In this Sunday's Gospel the bread of life dialogue reaches its inevitable climax. Those who have struggled to comprehend and accept what Jesus has been saying declared that, 'this teaching is intolerable'. And many of His disciples left Him.
Here there has been a shift in the extended narrative that is John chapter 6. Previously the writer told us that it was the crowd that questioned, argued with, and then rejected what Jesus was saying. Now it is not just those who have gathered to hear what He has to say, but many who had become His disciples, who had followed Him and his teaching for some time.
And, to be fair, it is difficult to understand. Neither our senses, nor our lived experience of the world can explain what happens in the Eucharist. It can only be comprehended by faith.

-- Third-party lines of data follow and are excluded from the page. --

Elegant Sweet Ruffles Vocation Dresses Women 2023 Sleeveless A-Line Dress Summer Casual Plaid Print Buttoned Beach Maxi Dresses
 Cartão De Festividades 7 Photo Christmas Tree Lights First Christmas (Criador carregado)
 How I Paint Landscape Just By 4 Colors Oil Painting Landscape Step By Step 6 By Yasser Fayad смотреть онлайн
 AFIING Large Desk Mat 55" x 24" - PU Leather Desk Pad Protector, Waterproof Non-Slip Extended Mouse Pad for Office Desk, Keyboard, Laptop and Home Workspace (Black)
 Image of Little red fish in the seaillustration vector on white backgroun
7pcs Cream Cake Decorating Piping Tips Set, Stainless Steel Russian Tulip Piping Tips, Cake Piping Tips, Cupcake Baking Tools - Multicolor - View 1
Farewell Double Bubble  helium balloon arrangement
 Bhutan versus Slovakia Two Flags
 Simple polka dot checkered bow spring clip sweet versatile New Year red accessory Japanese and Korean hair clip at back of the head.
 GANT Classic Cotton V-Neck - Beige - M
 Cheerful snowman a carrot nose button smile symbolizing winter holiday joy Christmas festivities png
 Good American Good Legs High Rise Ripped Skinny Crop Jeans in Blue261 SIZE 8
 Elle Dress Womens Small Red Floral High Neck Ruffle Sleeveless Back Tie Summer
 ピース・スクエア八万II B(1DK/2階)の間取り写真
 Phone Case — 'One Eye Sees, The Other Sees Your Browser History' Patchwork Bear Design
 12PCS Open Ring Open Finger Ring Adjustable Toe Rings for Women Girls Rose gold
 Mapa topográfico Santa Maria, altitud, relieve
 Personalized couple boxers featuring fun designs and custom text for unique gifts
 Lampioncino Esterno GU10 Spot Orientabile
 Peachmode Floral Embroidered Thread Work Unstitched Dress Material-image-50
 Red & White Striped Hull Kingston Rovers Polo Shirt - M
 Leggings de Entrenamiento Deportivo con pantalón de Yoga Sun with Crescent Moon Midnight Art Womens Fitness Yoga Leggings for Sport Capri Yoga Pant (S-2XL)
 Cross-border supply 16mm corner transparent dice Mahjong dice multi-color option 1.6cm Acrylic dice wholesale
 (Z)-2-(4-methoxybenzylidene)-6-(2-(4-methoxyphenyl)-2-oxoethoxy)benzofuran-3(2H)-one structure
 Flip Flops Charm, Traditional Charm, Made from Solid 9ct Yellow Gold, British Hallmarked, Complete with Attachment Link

As an aside, in my days of parent led sacramental preparation, a number of what I was told were 'challenging' children were placed in my First Communion group. 'You're a school teacher... you'll know how to handle them.' There was nothing at all challenging about these kids. They just had specific learning needs, and I needed to find a way to make the incomprehensible accessible to them.
Come the day of their First Communion I was sitting alongside one of these boys who, after receiving the Eucharist, knelt very quietly in his place before letting out a loud burp... He then said, a little too loudly and with a look of complete innocence on his face, "Mmmm, tastes like Jesus."
I took that as a win! He had a grasp on the real presence.
Jesus' increasingly outrageous teaching escalates beyond all reason to the point where it demands nothing less than a total faith response from us, both individually and as a community. A belief that through the sacrament of the Eucharist we truly become what we receive, the Body of Christ. In true communion with God and one another.